Items listed in a dataset
——————————

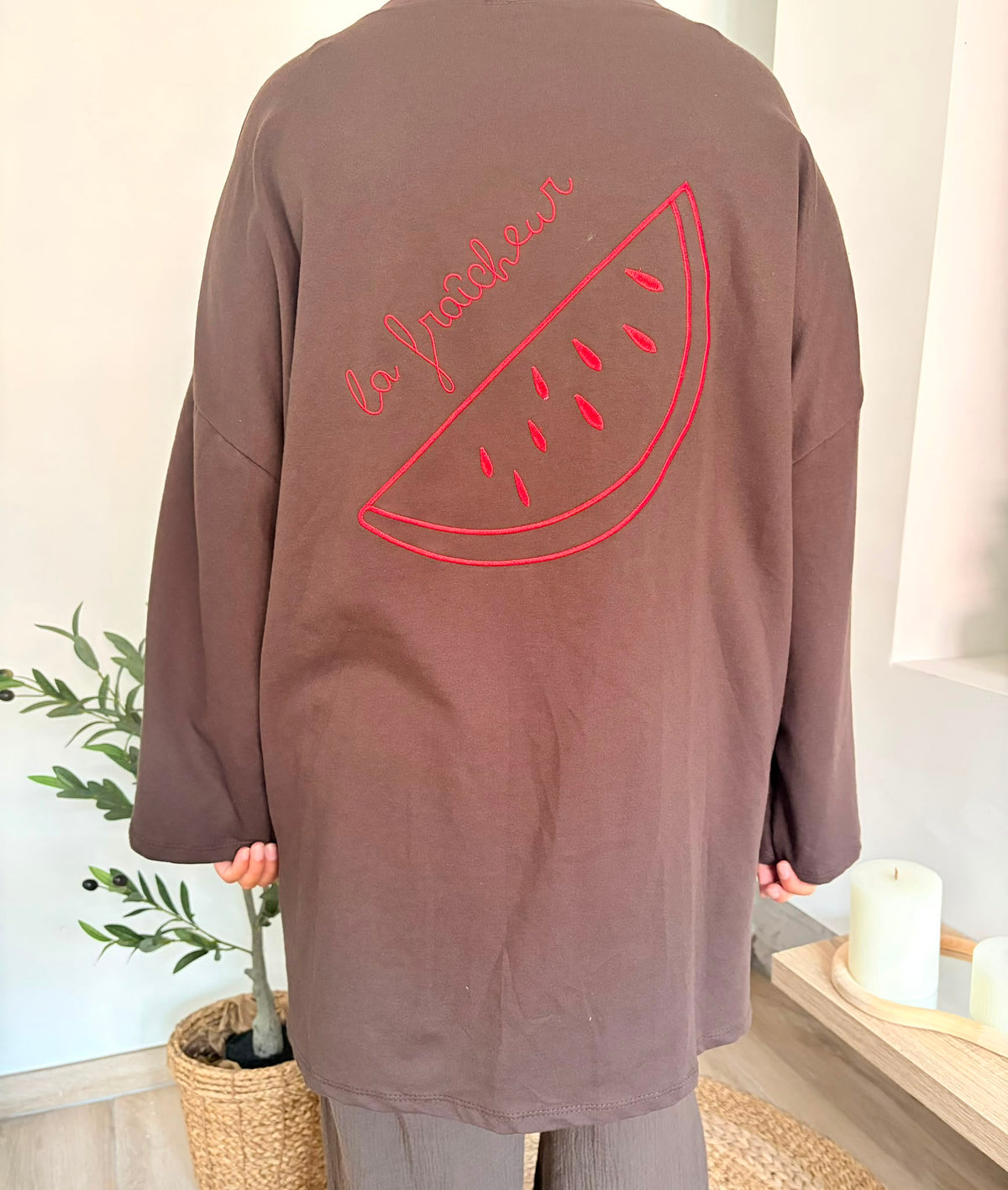 T-shirt brodé La Pastèque brun — broderie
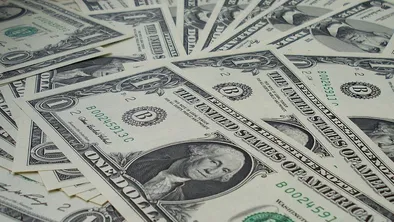 В Алматы ЧСИ присвоил себе дорогой автомобиль и 370 млн тенге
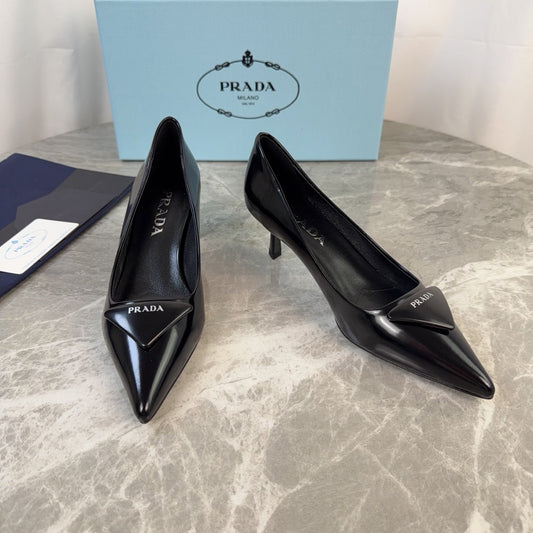 PRADA 25S ЗАГОСТРЕНІ ТУФЛІ-ЧОВНИКИ НА КАБЛУКУ 55 ММ З ЧОРНОЇ ОВЕЧОЇ ШКІРИ - 34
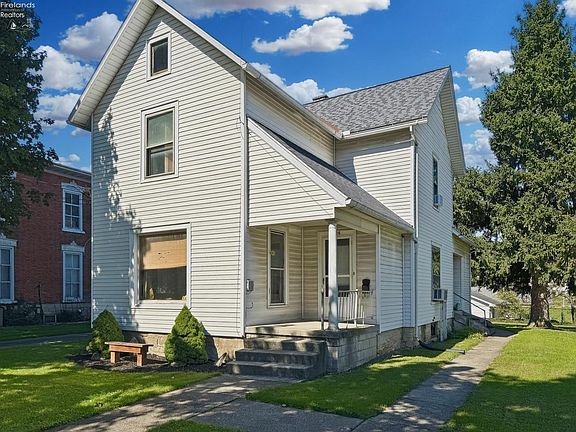 2nd image of 206 Kilbourne St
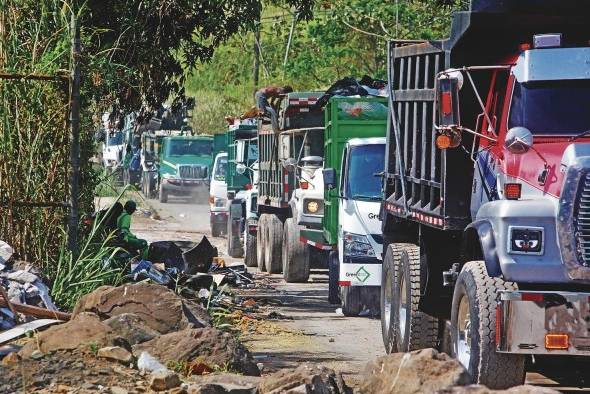 Camiones de recolección de basura llegan al relleno a cielo abierto de Cerro Patacón.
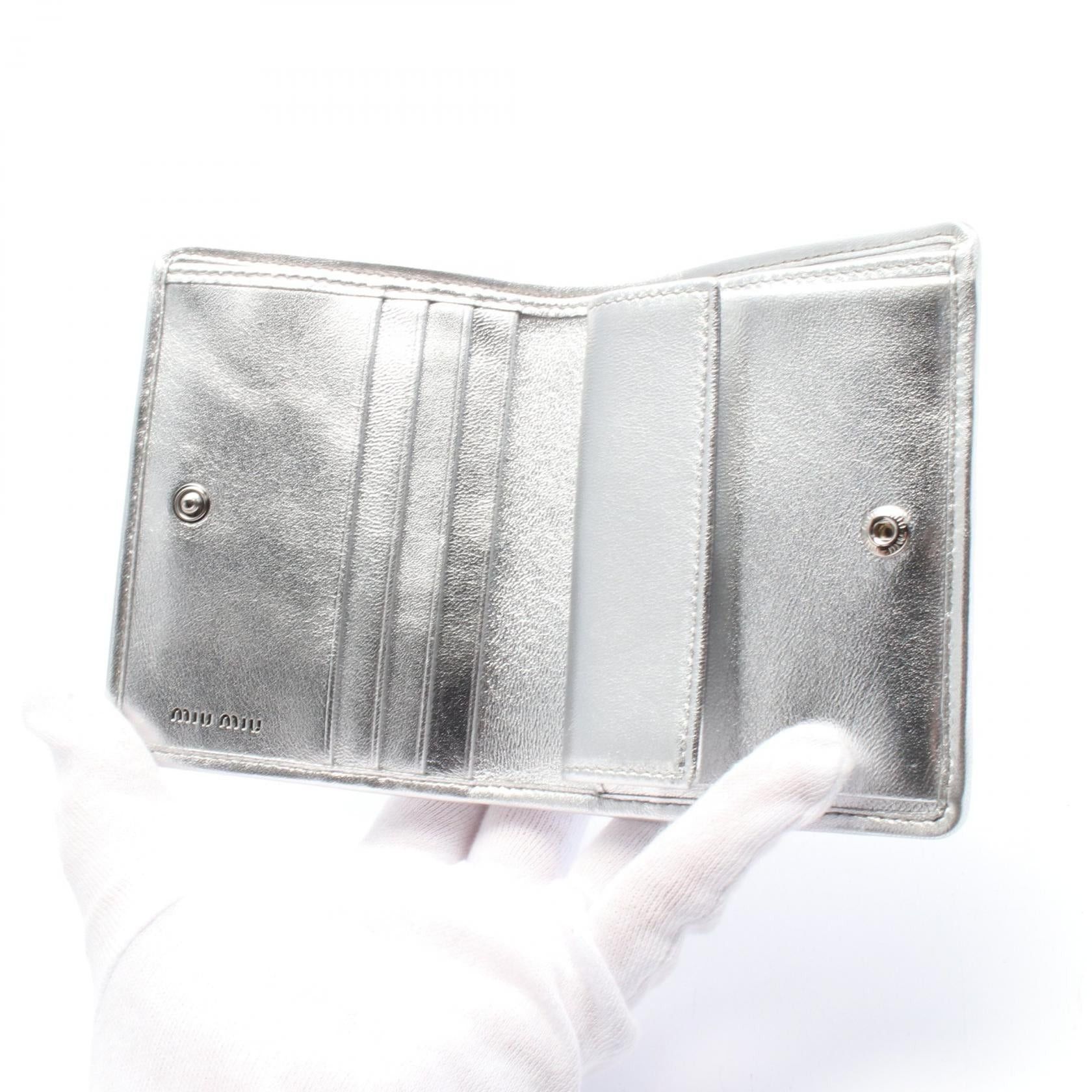 Miu Miu Miu Miu Matelasse Bi-Fold Wallet Leather Silver Size ONE SIZE - 3 Thumbnail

——————————

# INSTRUCTIONS TO FOLLOW
Transcribe the records above exactly, omitting every picture they contain.

# ANSWER SPACE
 T-shirt brodé La Pastèque brun — broderie
 В Алматы ЧСИ присвоил себе дорогой автомобиль и 370 млн тенге
 PRADA 25S ЗАГОСТРЕНІ ТУФЛІ-ЧОВНИКИ НА КАБЛУКУ 55 ММ З ЧОРНОЇ ОВЕЧОЇ ШКІРИ - 34
 2nd image of 206 Kilbourne St
 Camiones de recolección de basura llegan al relleno a cielo abierto de Cerro Patacón.
 Miu Miu Miu Miu Matelasse Bi-Fold Wallet Leather Silver Size ONE SIZE - 3 Thumbnail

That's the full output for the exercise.